Actually to keep things as close to browser startup as possible, it would be ideal if the test files displayed the icons that are typically visible just after startup, but before the user interacts with the browser.
FWIW Chrome is now rendered with SVG instead of PNG at least on Chrome OS, but soon on Windows and OSX too : http://sebastien-gabriel.com/work/chrome-cros
(In reply to Jonathan Watt [:jwatt] from comment #76)
> Actually to keep things as close to browser startup as possible, it would be
> ideal if the test files displayed the icons that are typically visible just
> after startup, but before the user interacts with the browser.

Gijs suggested I use XUL for these tests since that is closer to the actual conditions. So you will need allow people.mozilla.org to run XUL or run it locally. Or if you think HTML is still better I can do that too (with some adjustments) :)

http://people.mozilla.org/~shorlander/bugs/Bug-1054016/svg-test-01/index.xul
http://people.mozilla.org/~shorlander/bugs/Bug-1054016/svg-test-02/index.xul
http://people.mozilla.org/~shorlander/bugs/Bug-1054016/svg-test-03/index.xul
http://people.mozilla.org/~shorlander/bugs/Bug-1054016/svg-test-04/index.xul
http://people.mozilla.org/~shorlander/bugs/Bug-1054016/svg-test-05/index.xul
http://people.mozilla.org/~shorlander/bugs/Bug-1054016/svg-test-06/index.xul

Tests description:
svg-test-01: Toolbar.svg sprite made with by translating icons + custom SVG filter
svg-test-02: Individual SVG files + some custom filters + drop-shadow filter
svg-test-03: Toolbar.svg sprite made with by translating icons NO filters
svg-test-04: Individual SVG files NO filters
svg-test-05: Individual SVG files + drop-shadow filter
svg-test-06: Single SVG file NOT a sprite; referencing paths with #target NO filters
Flags: needinfo?(jwatt)
Summary: Test performance impact of using SVG icons for Linux theme → Test performance impact of using SVG for Main Toolbar icons
See Also: → 1158250
Blocks: 1271838
See Also: → 1274089
See Also: → 1274480
Note that I'm working in bug 1274480 on landing something we can use for permission icons, which are not displayed by default. I'll add more details there, the short version is that it sounds like svg-test-06 combined with SVG filters.
(In reply to :Paolo Amadini from comment #79)
> Note that I'm working in bug 1274480 on landing something we can use for
> permission icons, which are not displayed by default. I'll add more details
> there, the short version is that it sounds like svg-test-06 combined with
> SVG filters.

I can't remember if this has come up, or if it's even possible, but one reason for using filters is to dynamically set the color of the icon (the other being any kind of shadow / special-effects). Would it be possible to programmatically change the fill color based on platform and context? Would that even be faster?
(In reply to Stephen Horlander [:shorlander] from comment #80)
> Would it be possible to programmatically change the fill color
> based on platform and context?

That's bug 1058040.

> Would that even be faster?

We're seeing that filters are impacting performance here, so avoiding them should certainly help.
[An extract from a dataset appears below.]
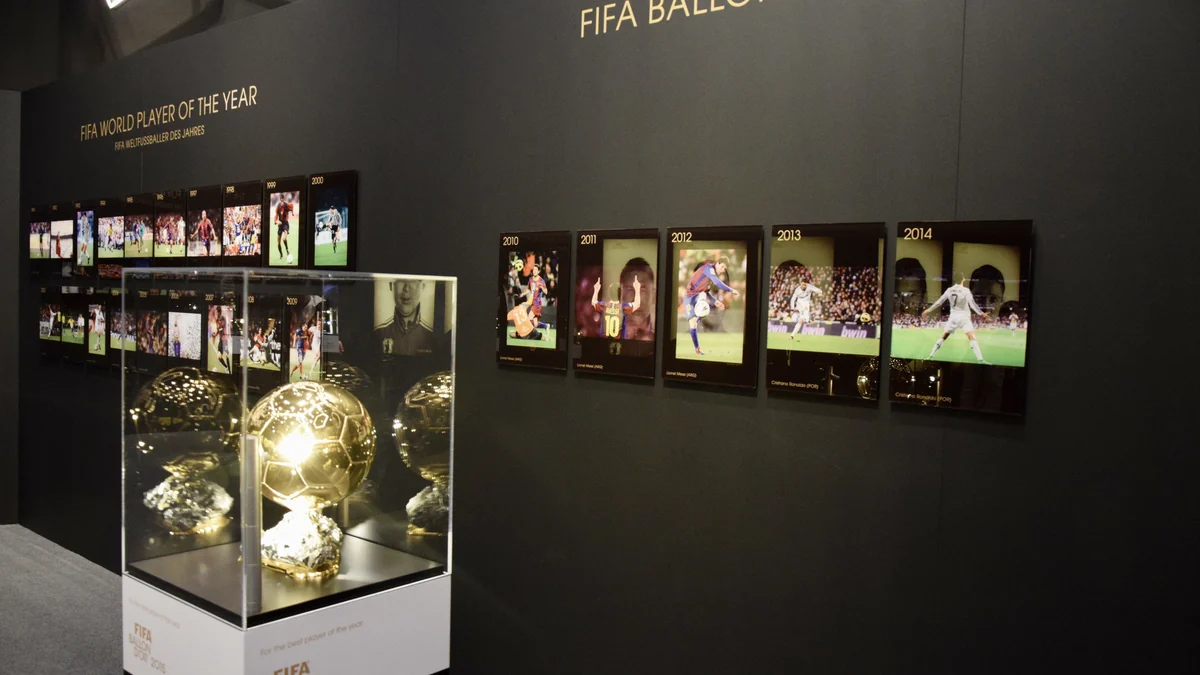 Troféu dourado em uma vitrine diante de painéis com vencedores de prêmios de futebol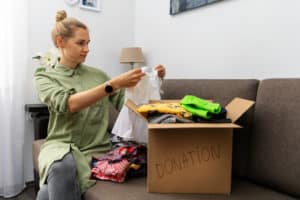 woman sorts clothing donations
The cost to passing context information through to the SVG image when painting it should be negligible so it should be a straight win.
Flags: needinfo?(jwatt)
(In reply to Jonathan Watt [:jwatt] from comment #81)
> (In reply to Stephen Horlander [:shorlander] from comment #80)
> > Would it be possible to programmatically change the fill color
> > based on platform and context?
> 
> That's bug 1058040.

shorlander, if we fixed that bug, would that do away with the need for filters if we were to do a straight PNG -> SVG swap given the current icon designs. If any icons would still need to use filters for some other reason, do any of those icons end up being displayed during startup (thinking specifically of ts_paint).
Flags: needinfo?(shorlander)
Attachment #8728034 - Attachment description: SVG Toolbar Assets - Experiment #1 → SVG Toolbar Assets - Experiment #1 - Sprite document; SVG drop shadow filter on <g> wraping all icons; gradient fill for one icon
Attachment #8728039 - Attachment description: SVG Toolbar Assets - Experiment #2 → SVG Toolbar Assets - Experiment #2 - Individual SVG images; coloring SVG filter, inner shadow SVG filter and CSS drop-shadow filter applied to each embedding element; no gradient fills; extraneous -moz-image-region props
Attachment #8733499 - Attachment description: SVG Toolbar Assets - Experiment #3 → SVG Toolbar Assets - Experiment #3 - Same as #1, but without the filters or the gradient
Attachment #8733500 - Attachment description: SVG Toolbar Assets - Experiment #4 → SVG Toolbar Assets - Experiment #4 - Same as #2, but without the filters (or gradients)
Attachment #8738753 - Attachment description: SVG Toolbar Assets - Experiment #5 → SVG Toolbar Assets - Experiment #5 - Same as #2, but with only the drop-shadow filter applied to each embedding element
(In reply to :Gijs Kruitbosch from comment #65)
> For #1 and #2, #2 was worse...

Comparing #1 and #2 isn't really useful FWIW, since #2 has two additional filter effects being applied (to color the icons, and to provide an inner shadow), and #2 could have benefited from the removal of the -moz-image-region properties but didn't.
This bug has become quite a chore to process given the number of comments, the subtleties of the details of the various "experiments", and the sometimes vague and ambiguous summaries of the profiling of the experiments. I've tried to pull out some of the more interesting information that is probably useful to keep around (even once this bug is resolved) and put it into a wiki page:

https://wiki.mozilla.org/SVG:Icons
As for the experiments so far, they've provided enough information to point us in a promising direction.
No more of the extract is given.